-- DATA SHOWN follows --

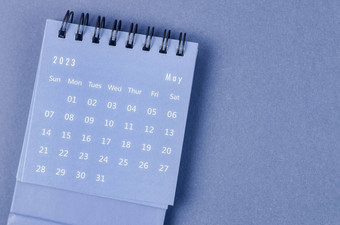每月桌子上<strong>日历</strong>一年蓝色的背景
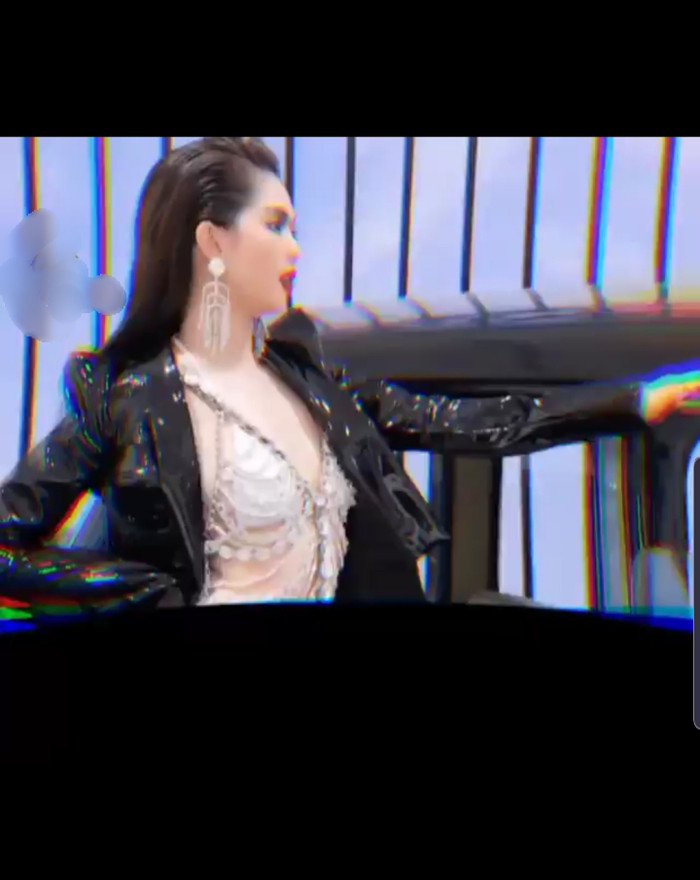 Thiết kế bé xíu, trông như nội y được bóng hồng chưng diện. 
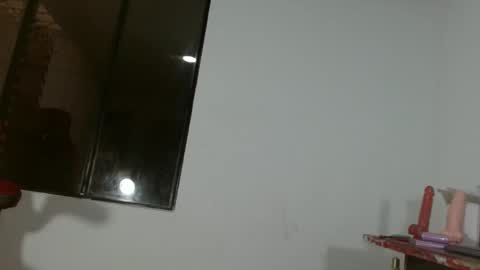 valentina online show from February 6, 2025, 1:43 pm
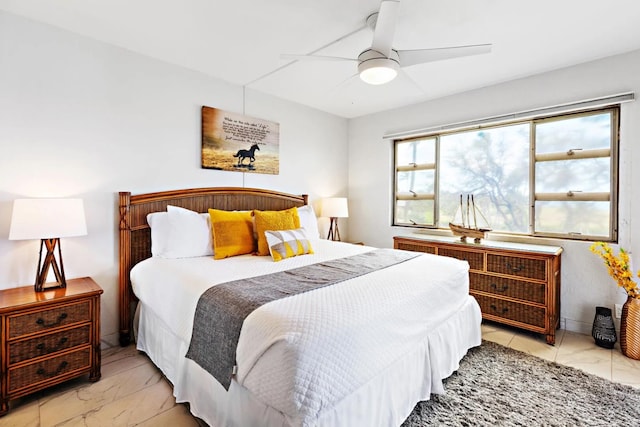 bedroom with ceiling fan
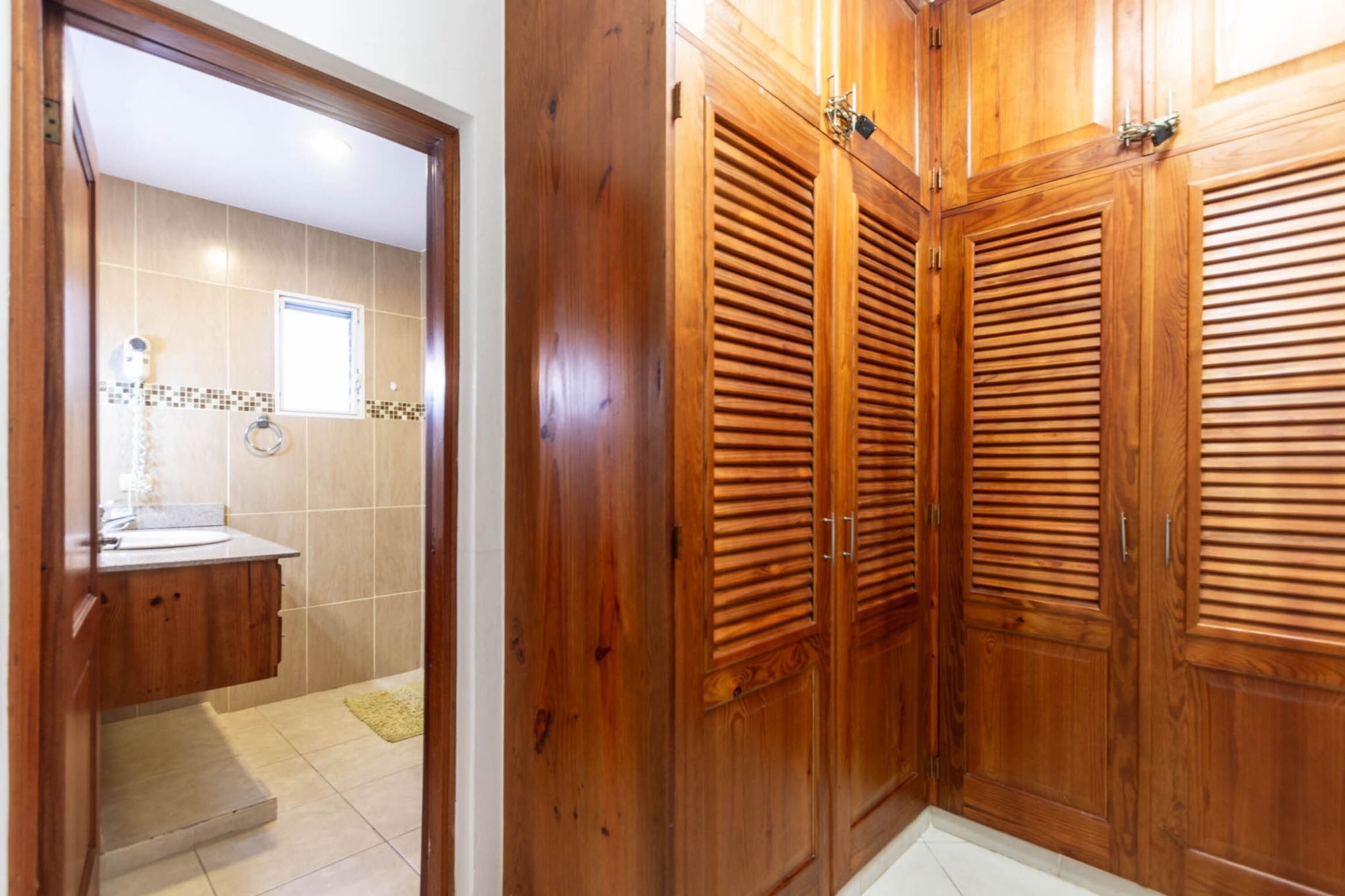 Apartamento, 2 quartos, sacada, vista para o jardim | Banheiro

-- DATA SHOWN concluded --

• WORK TO COMPLETE
Please set down each line of the listing above word for word, skipping any pictures.

• WRITTEN SOLUTION
每月桌子上<strong>日历</strong>一年蓝色的背景
 Thiết kế bé xíu, trông như nội y được bóng hồng chưng diện. 
 valentina online show from February 6, 2025, 1:43 pm
 bedroom with ceiling fan
 Apartamento, 2 quartos, sacada, vista para o jardim | Banheiro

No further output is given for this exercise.